Compliance with federal, state, and international privacy and security laws and regulations often is more an interpretive art than an empirical science—and it is frequently a matter for negotiation. When business metrics are applied to compliance, many companies decide to deploy as little technology or process as possible—or to ignore the governing laws and regulations completely. Every company weighs the cost of protecting personal data with the cost of what it would take to notify customers if a breach occurred.
It is not rational to promote best practices and guidelines that do not meet the real needs of today’s technologically-rich organization.
Are Ineffective controls the result of:
- Too Many or Confusing Regulations?
- Dysfunctional Best Practices, Guidelines and Processes?
- Inferior Internal Controls?
- Mediocre, Ineffective and Inadequately trained Audit Oversight?
- IT Complexity?
- Lack of Risk Awareness?
- Focus on the wrong Risks?
- Probability Neglect?
- Heuristic Bias?
- Subjective and Intuitive Judgment Error?
- Combination of all of the above
Regulatory Landscape:
- There is a plethora of regulatory compliance rules that companies must be aware of and mitigate the risk of non-compliance is exhausting. The regulatory landscape is full of compliance land mines for the unaware organization. From Sarbanes-Oxley, HIPAA, Basel II, Graham-Leach-Bliley, SEC Rules 6835 & 17-a, TREAD Act, FCC-LSOG, USA Patriot Act, California Security Breach Notice Law and the list may as well go on ad infinitum. There are services that organizations now subscribe to just to keep up with all the regs.
- In addition, there are a large group of guidelines and best practices that are intended to protect our organizations from crisis i.e. BCM Institute, British Standard BS25999, ISO 22301, HB 221:2004, HB 292:2006, NFPA 1600:2007, MS 1970:2007, ISACA, CObIT, ASIS, ITIL.
State of the Technology:
- The Ponemon Institute estimates that worldwide organizational are losing over $35 Billion monthly from data center downtime.
- Meta Group estimates that businesses lose an average of $1 million in revenue for every hour of downtime.
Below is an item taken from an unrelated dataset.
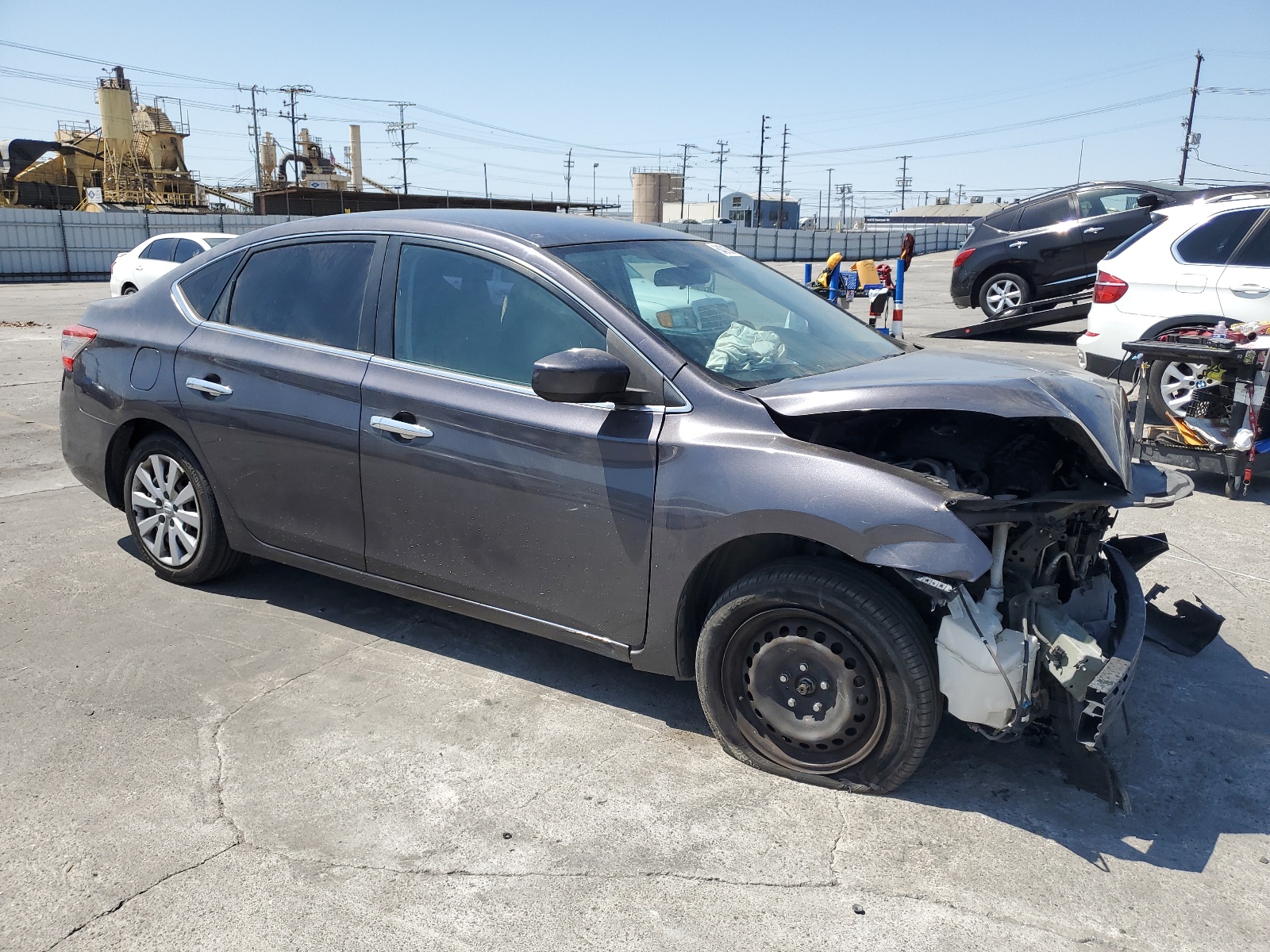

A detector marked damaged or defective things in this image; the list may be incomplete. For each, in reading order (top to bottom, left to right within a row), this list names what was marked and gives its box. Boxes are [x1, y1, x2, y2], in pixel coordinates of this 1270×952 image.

- Nicholas G. Carr point out in his seminal Harvard Business Review article IT Doesn’t Matter, “today, an IT disruption can paralyze a company’s ability to make products, deliver its services, and connect with its customers, not to mention foul its reputation … even a brief disruption in availability of technology can be devastating.”
- Roger Sessions also attempts to quantify the problem in his The IT Complexity Crisis: Danger and Opportunity, in which he calculates that IT failures are costing businesses $6.18 trillion per year worldwide. The cost of IT failure is paid year after year, with no end in sight. If this trend continues, within another five years or so a total IT meltdown may be unavoidable.
BCM must begin to apply the principals of ‘Prospect Theory’ and loss aversion to promote better decisions regarding operational resiliency, high availability and disaster recovery.